Earlier this week, 23 Jewish theatremakers including actors Miriam Margolyes and Maureen Lipman, and director Adam Lenson signed an open letter highlighting the musical’s failure to hire any performers or members of the creative team who are Jewish, despite it being “an undeniably Jewish show”.

“At best, this demonstrates a startling lack of cultural sensitivity, and at worst, overt appropriation and erasure of a culture and religion increasingly facing a crisis,” the letter said.

It added: “Rehearsal rooms absent of living Jewish voices are in danger of viewing Judaism like a distant, historical, foreign element rather than a vibrant, contemporary and deeply relevant culture.”

Falsettos, created in 1992 by American writers William Finn and James Lapine – who are both Jewish – will run for the first time in the UK when it opens at the Other Palace in London next month.

The show’s producer Selladoor Worldwide has now responded to the letter’s claims, describing the practice of performers portraying characters of different religions, ethnicities and sexualities as “an extremely sensitive issue”.
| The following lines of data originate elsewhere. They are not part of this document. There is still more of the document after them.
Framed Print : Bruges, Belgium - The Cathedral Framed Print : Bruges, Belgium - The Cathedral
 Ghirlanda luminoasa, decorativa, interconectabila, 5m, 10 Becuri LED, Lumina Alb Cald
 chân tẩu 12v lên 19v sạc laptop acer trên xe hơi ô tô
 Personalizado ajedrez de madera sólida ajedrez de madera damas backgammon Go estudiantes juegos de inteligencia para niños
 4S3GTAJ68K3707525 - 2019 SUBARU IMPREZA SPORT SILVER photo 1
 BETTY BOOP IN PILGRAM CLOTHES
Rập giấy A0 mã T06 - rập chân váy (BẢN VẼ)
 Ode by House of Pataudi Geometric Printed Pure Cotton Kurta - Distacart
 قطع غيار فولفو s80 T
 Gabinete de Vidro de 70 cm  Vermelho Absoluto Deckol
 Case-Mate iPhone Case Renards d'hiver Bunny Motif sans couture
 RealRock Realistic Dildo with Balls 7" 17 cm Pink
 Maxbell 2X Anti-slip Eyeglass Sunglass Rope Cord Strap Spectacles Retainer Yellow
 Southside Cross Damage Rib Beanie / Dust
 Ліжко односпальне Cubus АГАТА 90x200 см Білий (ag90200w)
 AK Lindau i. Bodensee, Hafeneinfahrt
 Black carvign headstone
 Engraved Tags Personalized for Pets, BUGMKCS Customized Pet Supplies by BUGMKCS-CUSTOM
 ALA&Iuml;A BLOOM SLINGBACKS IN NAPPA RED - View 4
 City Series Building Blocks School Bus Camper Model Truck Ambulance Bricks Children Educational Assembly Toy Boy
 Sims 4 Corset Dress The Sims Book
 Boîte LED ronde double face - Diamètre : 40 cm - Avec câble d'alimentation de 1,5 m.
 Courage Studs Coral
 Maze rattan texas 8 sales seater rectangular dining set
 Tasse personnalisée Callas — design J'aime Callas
Selladoor said in its statement that both Finn and Lapine had “direct input” in the production, including “the extensive casting process”.

“With regards to our cast, like all employers in the UK we are required to run recruitment processes that are free from bias or discrimination with regards to religion, race, gender, age or any other protected characteristics. We do not ask any of our prospective cast members about any of the aforementioned characteristics, and do not think that it would be appropriate to do so,” the statement said.

“The representation and respect of cultural heritage on stage is of the upmost importance and something we take very seriously. We have complete trust in our creative and production teams to ensure that this production properly represents all of the wonderful characters created by William Finn and James Lapine.”

The original letter acknowledges that because the show’s writers are Jewish, there is a level of representation in the musical. However, it argues that understanding and portrayals of Judaism are very different in New York and London, and claims that appropriating Jewishness with actors who are not Jewish amount to “Jewface”.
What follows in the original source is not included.